START Data records
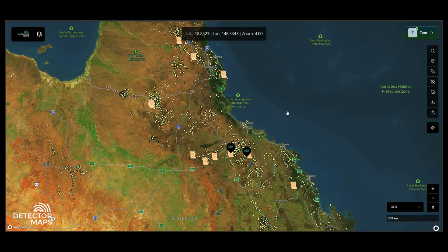Welcome to the first Detector Maps tutorial. Today, I'll be walking you through the user interface of our desktop app and showing you some of its basic features. Let's get started.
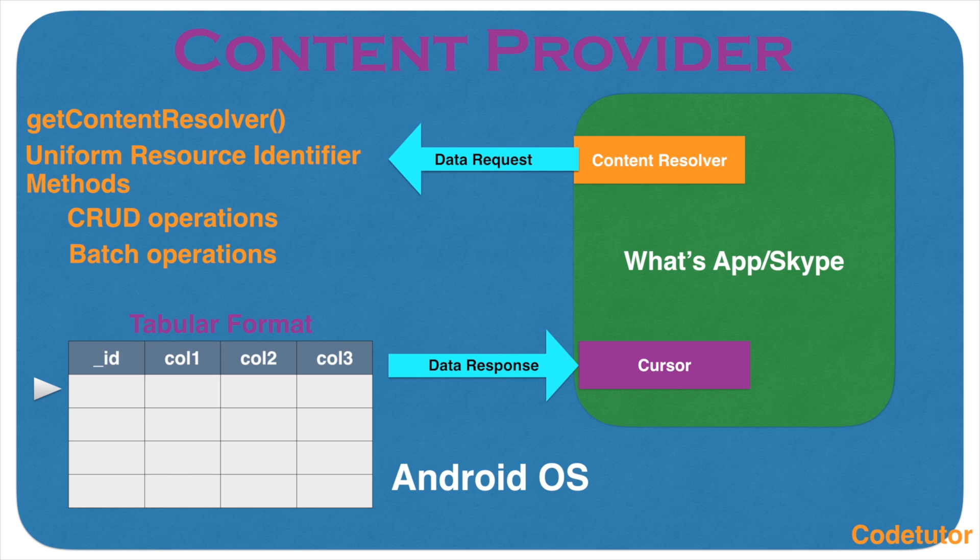In the previous video, we have seen how a third-party app like WhatsApp or Skype can access content from another application through the content resolver and then pass through the data using a cursor. It was more of a theoretical concept that we have gone through in the previous video.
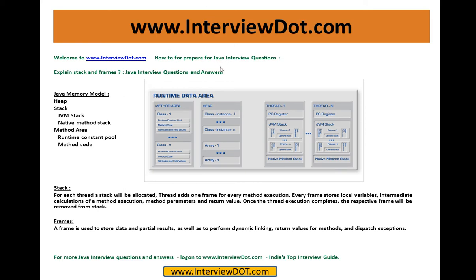Thank you for watching this video. This is from interview.com team. Explain stack and frames - one of the important Java interview questions.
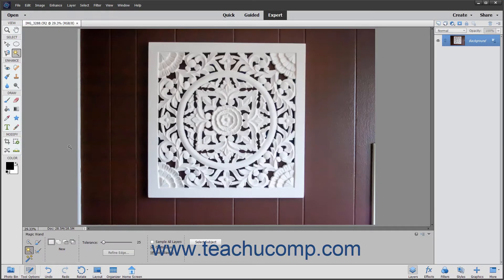The Magic Wand Tool allows you to select a consistently colored area or region in the image without having to manually trace its outline by hand.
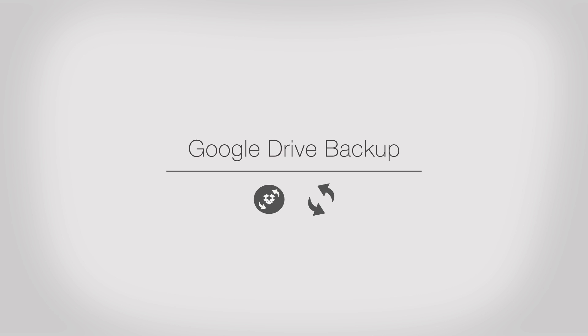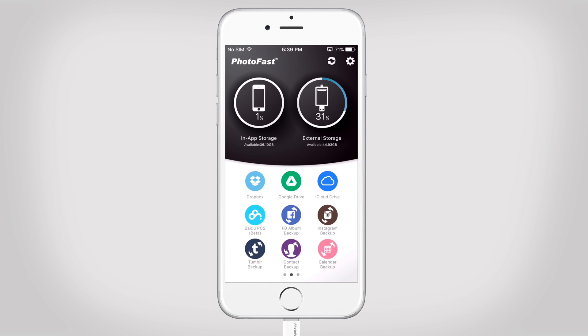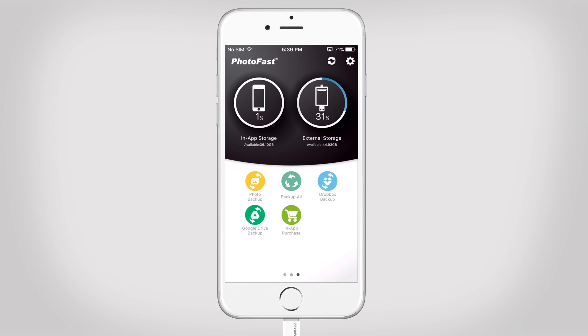Welcome to PhotoFast. In this video, we will show you how to use the Cloud Backup function. With the Cloud Backup function, you can quickly and easily backup files from your Google Drive account. Let's have a look at how the Google Drive backup function works.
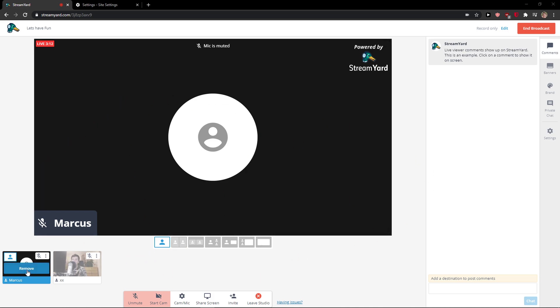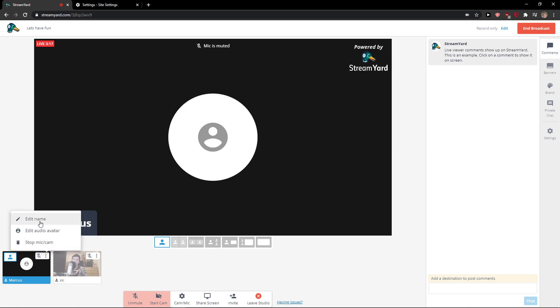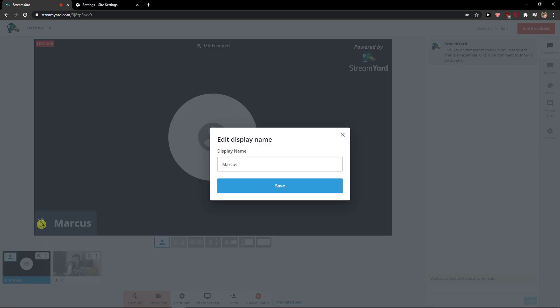What you want to do is when you're on StreamYard, you want to go on the three dots next to the mic and click edit name.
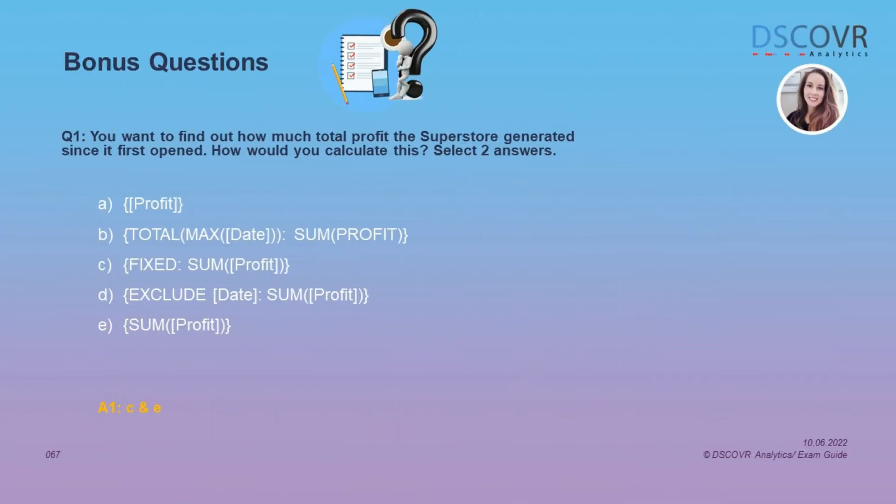For question number 1, we want to find out how much total profit the superstore generated since it first opened. If you had to create a calculation to show the total sum of profit across all the rows in your data set, which two calculations would you use? The correct answer is C and E. We can use the fixed level of detail expression to get the total sum of profit, which can be written in two different ways but will give you the same result.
END Data records
Exercise directions – Nothing but the lines from the one holding "What you want" through the final line of the entries should be retyped, exactly as they stand and without pictures.

Response for this exercise –
What you want to do is when you're on StreamYard, you want to go on the three dots next to the mic and click edit name.
For question number 1, we want to find out how much total profit the superstore generated since it first opened. If you had to create a calculation to show the total sum of profit across all the rows in your data set, which two calculations would you use? The correct answer is C and E. We can use the fixed level of detail expression to get the total sum of profit, which can be written in two different ways but will give you the same result.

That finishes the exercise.